Among the entries below, copy only the span from the line containing "Tappeto Nain Kashmar" through the line containing "Swan Candle Holder". Do so exactly, and skip the pictures.

◆ Input for this task:
——————————
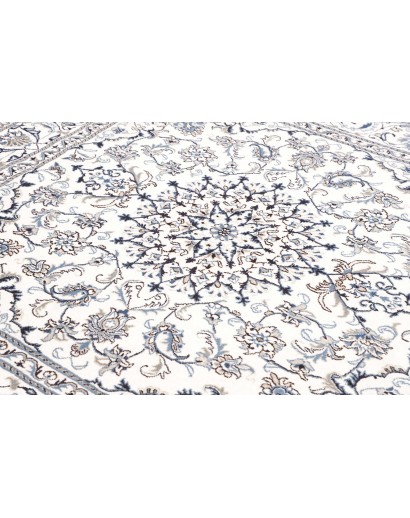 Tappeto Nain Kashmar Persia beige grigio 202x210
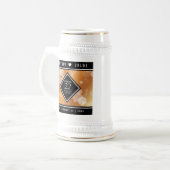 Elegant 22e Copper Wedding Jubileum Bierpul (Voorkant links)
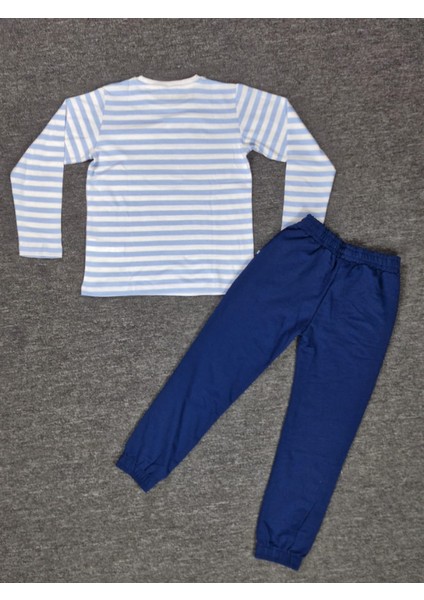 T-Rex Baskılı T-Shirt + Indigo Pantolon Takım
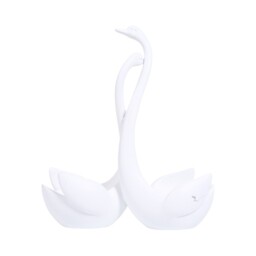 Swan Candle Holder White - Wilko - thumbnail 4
——————————
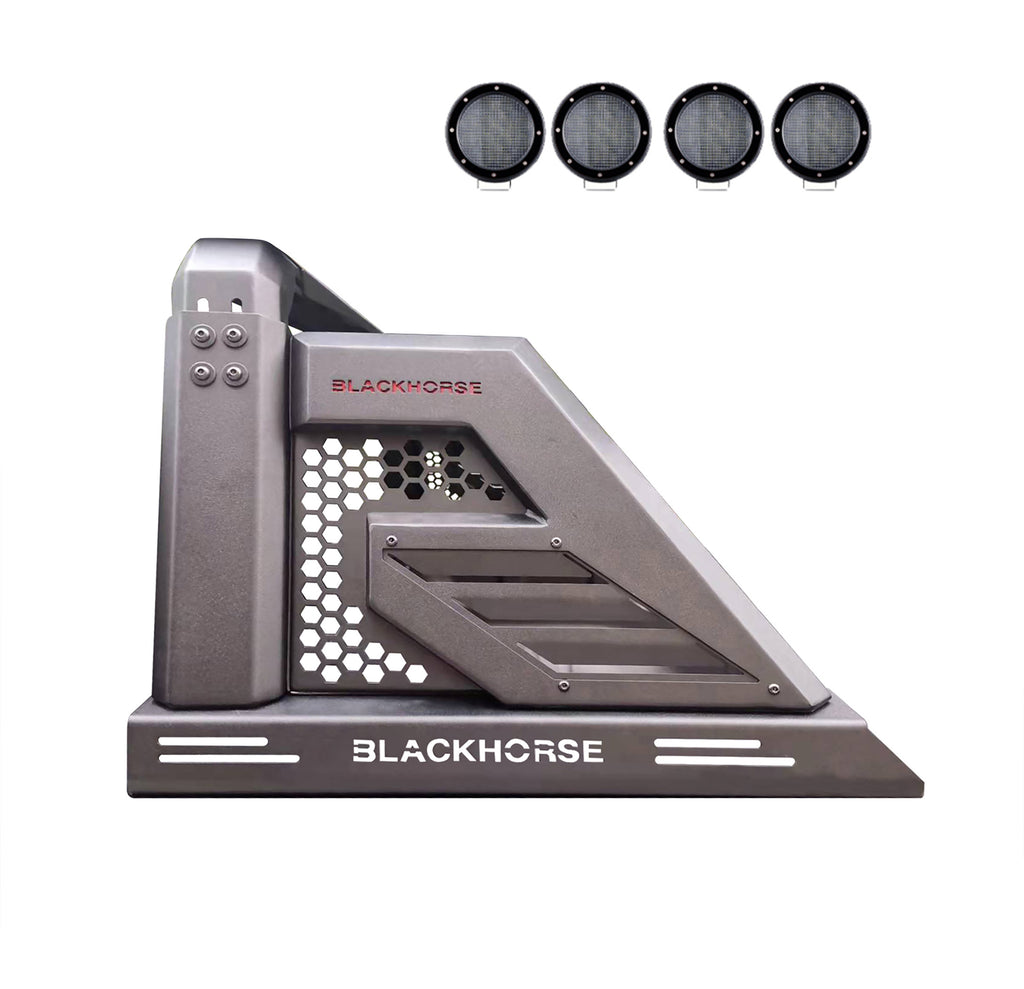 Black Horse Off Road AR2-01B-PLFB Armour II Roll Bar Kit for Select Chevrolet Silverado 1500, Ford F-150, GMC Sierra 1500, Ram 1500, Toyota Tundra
——————————
◆ Result of this exercise:
 Tappeto Nain Kashmar Persia beige grigio 202x210
 Elegant 22e Copper Wedding Jubileum Bierpul (Voorkant links)
 T-Rex Baskılı T-Shirt + Indigo Pantolon Takım
 Swan Candle Holder White - Wilko - thumbnail 4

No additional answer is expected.